Преклонение Шенавара перед любимым им Микеланджело основывается на том, что тот якобы прежде всего изображает человека; я же говорю, что он изображает не человека, а лишь его мускулы и позы, но даже и здесь, в противовес общепринятому мнению, он не блещет исключительными познаниями. Последний из античных мастеров знал бесконечно больше того, что можно найти во всем творчестве Микеланджело. Он не постигал ни чувств, ни страстей человека. Кажется, что, изображая какую-нибудь руку или ногу, он думает только об этой руке или ноге и меньше всего о соотношении этих частей — не говорю уже об общем впечатлении от картины в целом, но даже о впечатлении от того персонажа, частью которого они являются.
Надо признать, что отдельные фрагменты в такой трактовке, написанные с этим исключительным предпочтением, сами по себе достойны того, чтобы вызывать наш восторг. В этом его большая заслуга: он вкладывает величие и ужас даже в изображение отдельного члена. Пюже, совершенно отличный от него по характеру, в этом отношении похож на него. Вы можете в течение целого дня созерцать какую-нибудь руку статуи Пюже, хотя вся она в целом не представляет собой ничего особенного. В чем кроется тайная Причина этого рода восхищения? Вот что мне хочется объяснить.

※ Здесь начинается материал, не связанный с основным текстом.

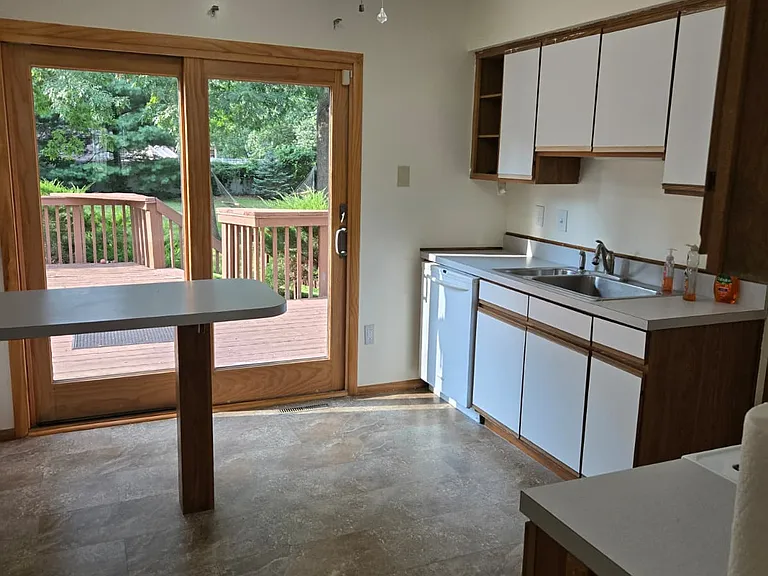 195 Edgemere Ct — Photo 18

Мы говорили о правилах композиции. Я сказал, что абсолютная правдивость может производить впечатление неправдоподобия или по крайней мере противоречить тому условному правдоподобию, с которым должно считаться каждое искусство. И действительно, если хорошенько вдуматься, художник, подчеркивая и заставляя выделяться важнейшие части, поступает вполне логично; надо направлять ум в определенную сторону. По поводу сюжета Мирабо, выступающий с протестом в Версале, я ему сказал, что Мирабо и Национальное собрание должны быть расположены на одной стороне, а посол короля, совершенно один, — на другой. Рисунок Шенавара, изображающий группы взволнованно беседующих людей в самых разнообразных позах, вполне вероятных и естественных в данных обстоятельствах, очень приятен для глаз и вполне отвечает элементарным правилам композиции; но внутреннее чувство отказывается усмотреть в нем Национальное собрание, протестующее против предложения маркиза де Брезе. Это волнение, охватившее все собрание, как охватило бы одного человека, должно быть во что бы то ни стало передано. Логика требует, чтобы Мирабо был во главе, а все остальные, взволнованные происходящим, толпились позади него: чувства всех действующих лиц, как и чувства зрителя, поглощены совершающимися событиями.
Само собой разумеется, что когда все это происходило в действительности, Мирабо не находился посередине, как это показано в картине; очень возможно также, что прибытие Брезе не было заранее оповещено, и потому Ассамблея не могла собраться, сплотиться в одну группу для встречи и оказания ему отпора. Но живопись не может иначе передать самую идею сопротивления: необходимо, чтобы фигура Брезе была изолированной. Нет сомнения, что он прибыл в сопровождении свиты и лакеев, но он должен выступить вперед, оставив их позади себя. Шенавар допустил непоправимую ошибку, заставив спутников Брезе входить с одной стороны, а его самого — с другой, так что он оказывается в одной группе со своими противниками. В этой столь характерной сцене, где на одной стороне перед нами королевский трон, а на другой — народ, он случайно помещает Мирабо с той стороны, где изображен трон, на который (еще несообразность) карабкаются рабочие, чтобы снять с него балдахин. Необходимо было изобразить трон совершенно изолированным, покинутым, как он морально был покинут народом и общественным мнением; и особенно важно было дать почувствовать, что Собрание стояло к нему лицом к лицу.